L’ami belge a transformé sa fromagerie en dortoir et accueille plusieurs réfugiés de l’est. C’est là que Gérald apprend que son usine a été bombardée. «La maison, je ne sais pas. Je n’ai plus de nouvelles depuis deux semaines. Toute la zone est occupée.» À Lviv, il passe dix heures par jour accroché aux infos: les canaux officiels du gouvernement ukrainien, les groupes whatsapp des villages de la zone occupée, «quand le réseau passe», son personnel resté sur place, «sans électricité, sans rien». Au bout de 18 jours, ses salariés organisent un départ en convoi de cinq véhicules. Ils ont dealé leur passage au check-point russe. Mais quand ils y parviennent, ils entendent au talkie-walkie les ordres venus d’en-haut: «Détruisez moi tout ça.» Ils ont tout juste le temps de filer, essuyant des rafales de mitraillettes, et de découvrir sur la route les voitures écrasées par des chars, des cadavres…

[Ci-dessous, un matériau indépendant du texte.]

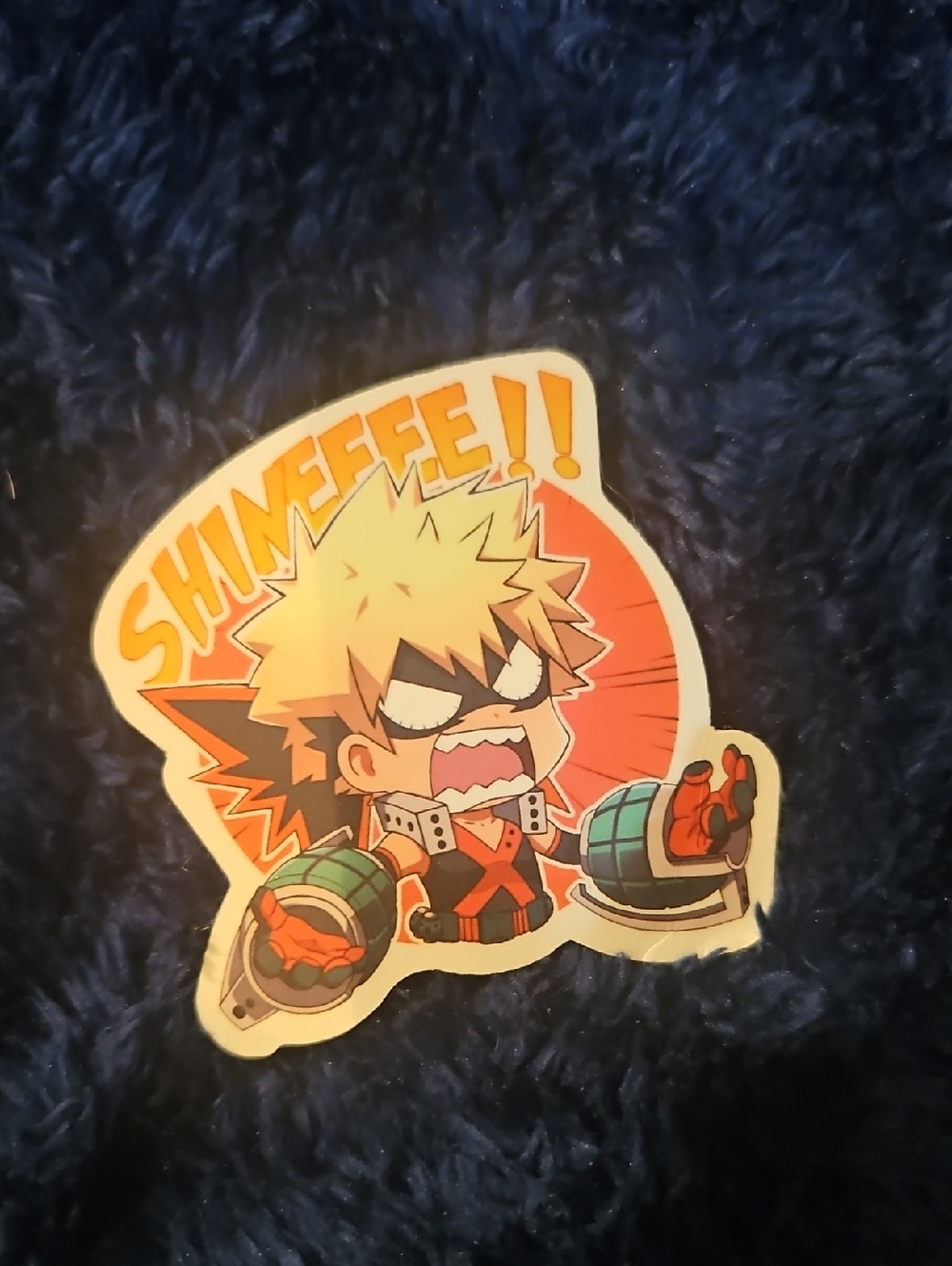 $1 ADD ON - Anime Sticker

«Même si la guerre s’arrêtait, on ne pouvait pas imaginer reprendre une vie normale rapidement.»
Alors que la solidarité s’organise partout en Europe, Gérald reçoit un appel d’un ami de Bar-le-Duc, dans la Meuse, qui l’avertit qu’il envoie deux bus en Ukraine pour évacuer des réfugiés. Il peut lui garder des places. «Ça a été le déclic. Vu les destructions chez nous, même si la guerre s’arrêtait, on ne pouvait pas imaginer reprendre une vie normale rapidement. Il fallait que mes enfants soient protégés et retournent à l’école. Ma femme parle français, mes enfants aussi, même si c’est plus difficile pour le dernier. Mes parents pouvaient les accueillir.» Le 15 mars, il conduit sa femme et ses enfants à la frontière polonaise. Ils voyagent en bus jusqu’à Bar-le-Duc, où un frère de Gérald les transporte jusqu’à Paris. Puis son père les ramène en Normandie. Au terme d’un périple de quatre jours, ils sont en sécurité. Gérald, de son côté, reste sur place. Il veut s’assurer que tout son personnel est évacué.

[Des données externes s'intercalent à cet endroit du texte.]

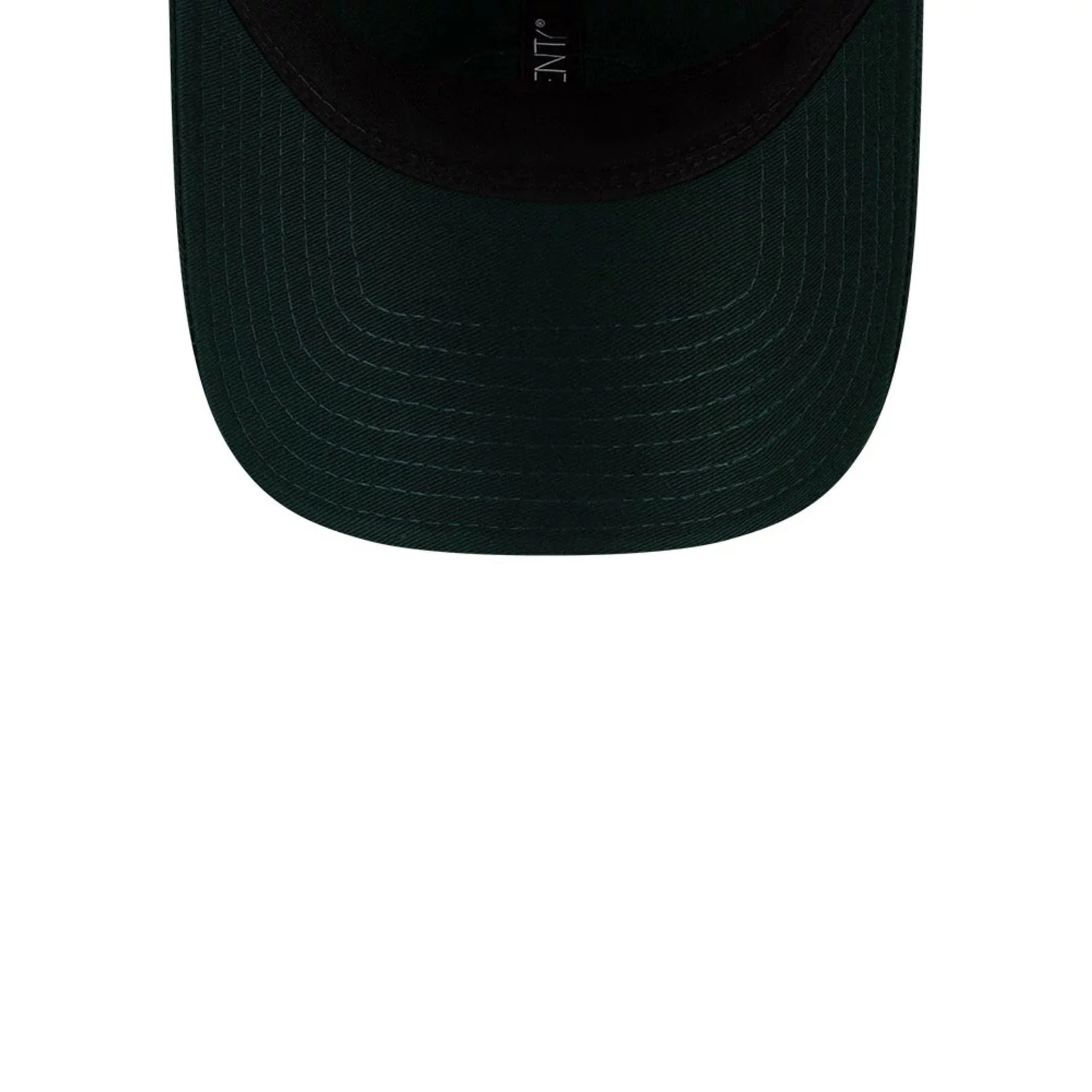 Lacoste X New Era Dark Green 9TWENTY Adjustable Cap - Image 5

«À présent, je ne suis plus d’une grande utilité ici. J’ai envie de voir la famille, de rassurer tout le monde et de réfléchir à la suite. Je n’attends qu’une chose: reprendre la vie d’avant, quitte à repartir de zéro. La situation est difficile, mais comme tous les Ukrainiens, je reste optimiste pour l’avenir. Cela peut paraître naïf aujourd’hui. Mais quel que soit le rapport de force en face, les Ukrainiens sont chez eux et dans leur bon droit. Ils ont une foi chevillée au corps: défendre leur terre, leur famille et une nation libre et souveraine qui ne sera jamais soumise à la grande Russie. Ça fait longtemps que les Ukrainiens ne sont plus des homo-sapiens, malgré ce qu’en pense Poutine. Ils ont changé quatre fois de président quand la Russie a le même depuis 22 ans. Ce qui différencie la Russie de l’Ukraine, c’est que l’un est esclave quand l’autre est libre. L’offensive russe est vouée à l’échec. Même s’il parvient à occuper le pays, il ne fera pas de 44 millions d’hommes libres ses sujets.»
La famille, réfugiée en Normandie, reçoit le 4 avril des nouvelles de leur voisine en Ukraine, après des semaines sans nouvelles. Ils apprennent que leur maison a été « visitée » par les Russes, mais elle est intacte. L’usine de Gérald est endommagée mais pas détruite. Les troupes russes ont quitté la région de Kiev. Gérald et Daria songent déjà à rentrer.